Ich hörte dabei das WDR-Radiofeature
“Spaniens geraubte Kinder”.

Dass im Spanien der Francozeit Regimegegnerinnen systematisch die Kinder weggenommen wurden, meist direkt nach der Geburt, ist ja eh ein immer noch unaufgearbeiteter Skandal. Doch dieses lukrative Geschäft wurde auch nach Ende der Diktatur weitergeführt, die katholische Kirche sorgte dafür. Man schätzt, dass insgesamt 300.000 Kinder betroffen sind. Margot Litten hat recherchiert, warum das bis heute keine rechtlichen Konsequenzen hatte, sprach mit Müttern auf der Suche nach ihren Kindern, mit Kindern, die ihre biologischen Eltern nicht kennen, mit Juristen, die vergeblich versucht haben, die Verantwortlichen vor Gericht zu bringen. Und wir sprechen hier von einem EU-Staat im 21. Jahrhundert.
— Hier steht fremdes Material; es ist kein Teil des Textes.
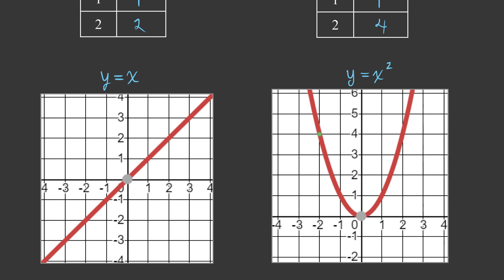At negative 2, when I squared it, it became positive 4. And at positive 2, it also became positive 4. At negative 1 it was 1, and at 1 it's also 1. If we went to 3 it would be up at 9, and negative 3 would also be positive 9. It creates what we call a symmetric shape — the same on the left as on the right, with an imaginary mirror down the middle, kind of like a butterfly. And that's called a parabola.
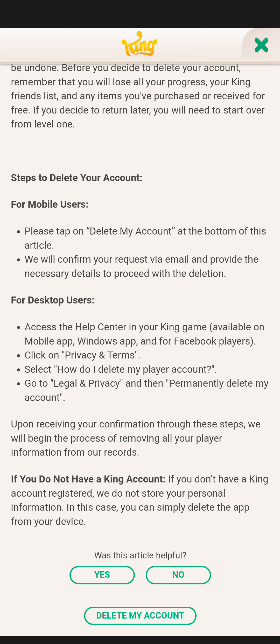Then a request will be sent to the Candy Crush Saga team via your email and they will decide if they are deleting your account or not. You must also state your reason for deleting the account.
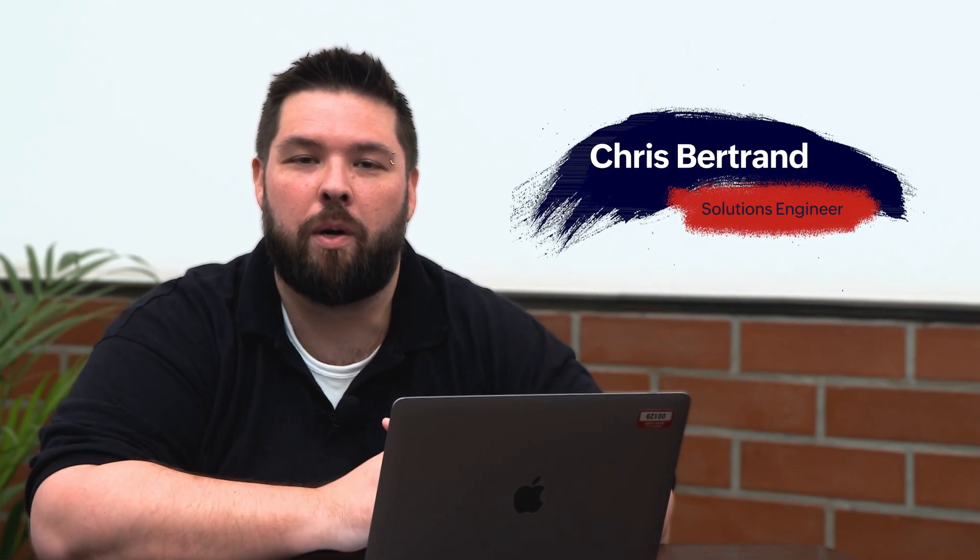Hi, my name is Chris Bertrand and I'm with the U.S. Creator Team here at Zoho Corporation. Today I'm going to be walking you through a really cool use case.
Als erzählt wurde, wie eine 99-jährige und eine 100-jährige baten, dass ihre DNA archiviert werde, für den Abgleich mit künftigen Funden in Massengräbern, und wie sie abgewiesen wurden, fing ich fast zu weinen an. (Unter anderem weil ich buchstäblich keine Ahnung habe, wie viele Leichen meine eigene spanische Familie im Keller hat. Ich weiß ja nicht mal, auf welcher Seite welche Angehörige meiner Großelterngeneration im Bürgerkrieg gekämpft haben.)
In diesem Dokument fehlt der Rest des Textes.